Brief: This exercise calls for the whole listing to be given again exactly, without images.

------ Data provided ------

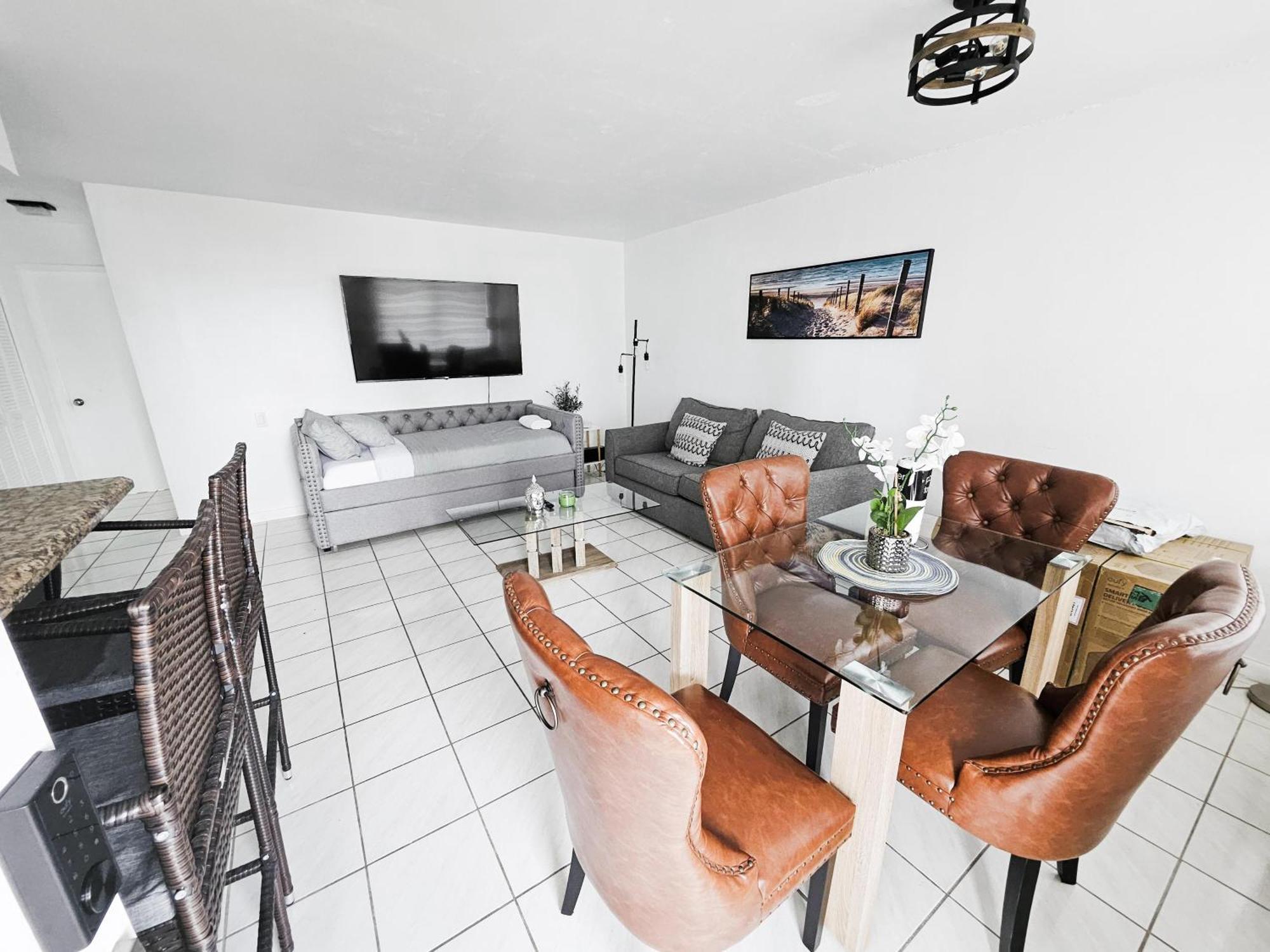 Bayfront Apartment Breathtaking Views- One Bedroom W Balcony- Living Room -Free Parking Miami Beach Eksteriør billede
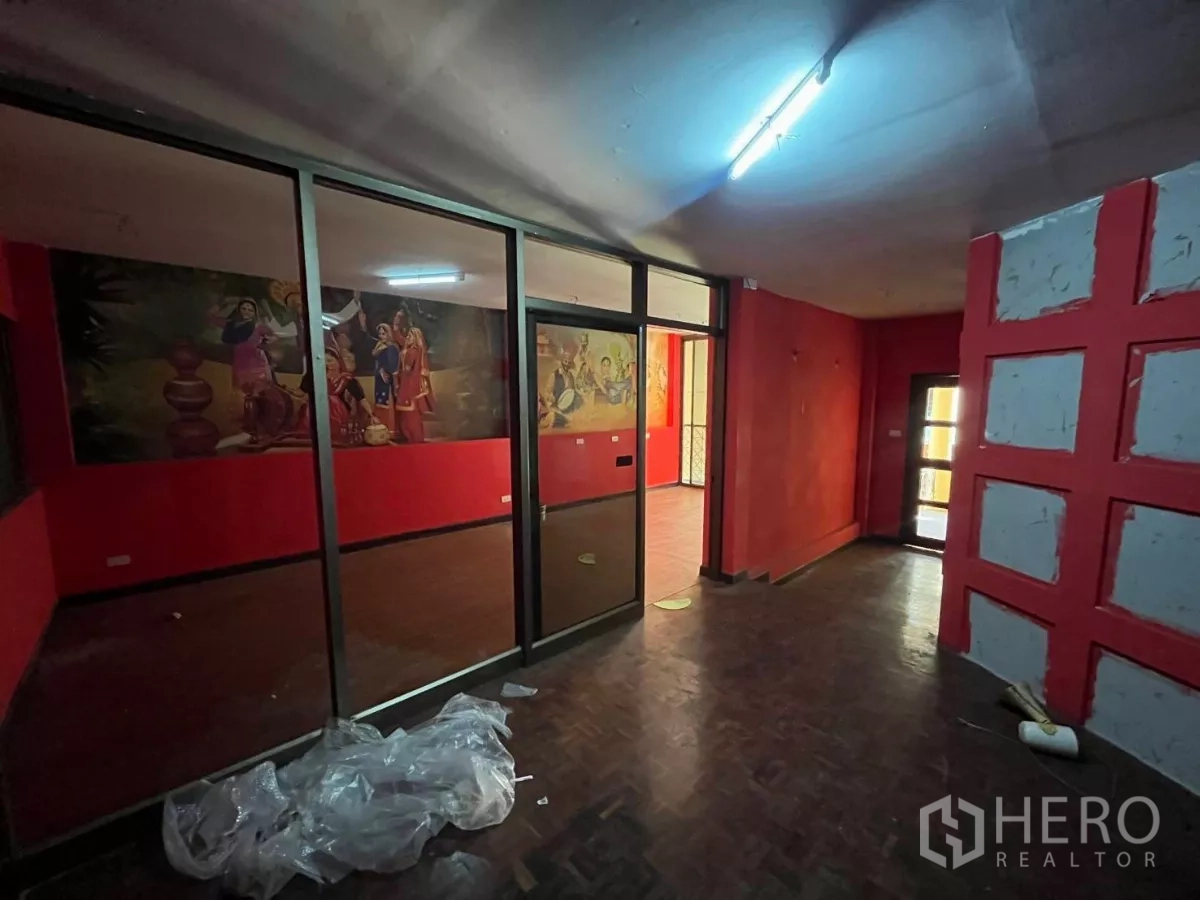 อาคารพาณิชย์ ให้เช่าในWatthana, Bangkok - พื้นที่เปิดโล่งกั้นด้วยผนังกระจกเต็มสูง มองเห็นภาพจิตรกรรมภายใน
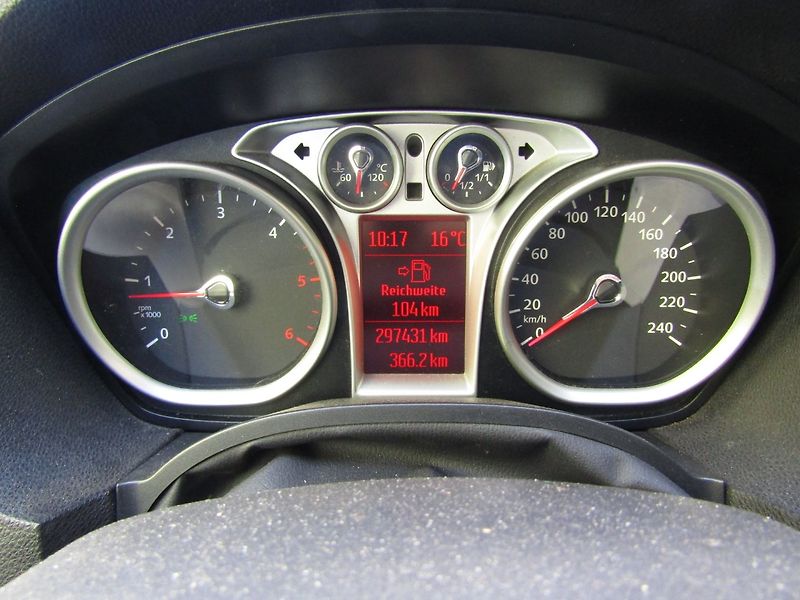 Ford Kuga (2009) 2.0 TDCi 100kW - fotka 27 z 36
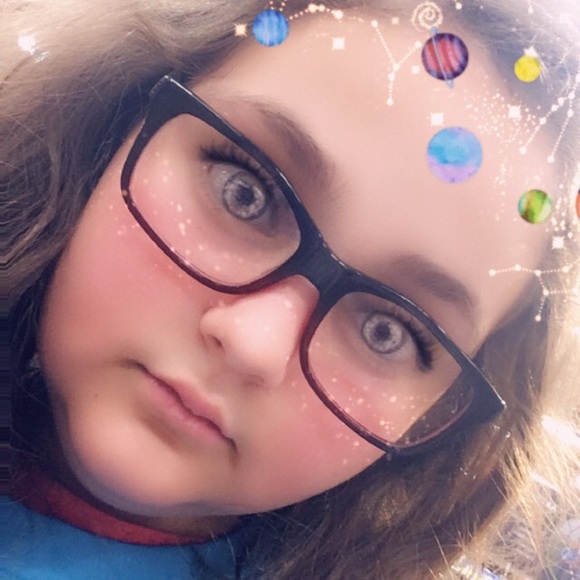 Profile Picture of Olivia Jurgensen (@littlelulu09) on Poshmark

------

Written response:
 Bayfront Apartment Breathtaking Views- One Bedroom W Balcony- Living Room -Free Parking Miami Beach Eksteriør billede
 อาคารพาณิชย์ ให้เช่าในWatthana, Bangkok - พื้นที่เปิดโล่งกั้นด้วยผนังกระจกเต็มสูง มองเห็นภาพจิตรกรรมภายใน
 Ford Kuga (2009) 2.0 TDCi 100kW - fotka 27 z 36
 Profile Picture of Olivia Jurgensen (@littlelulu09) on Poshmark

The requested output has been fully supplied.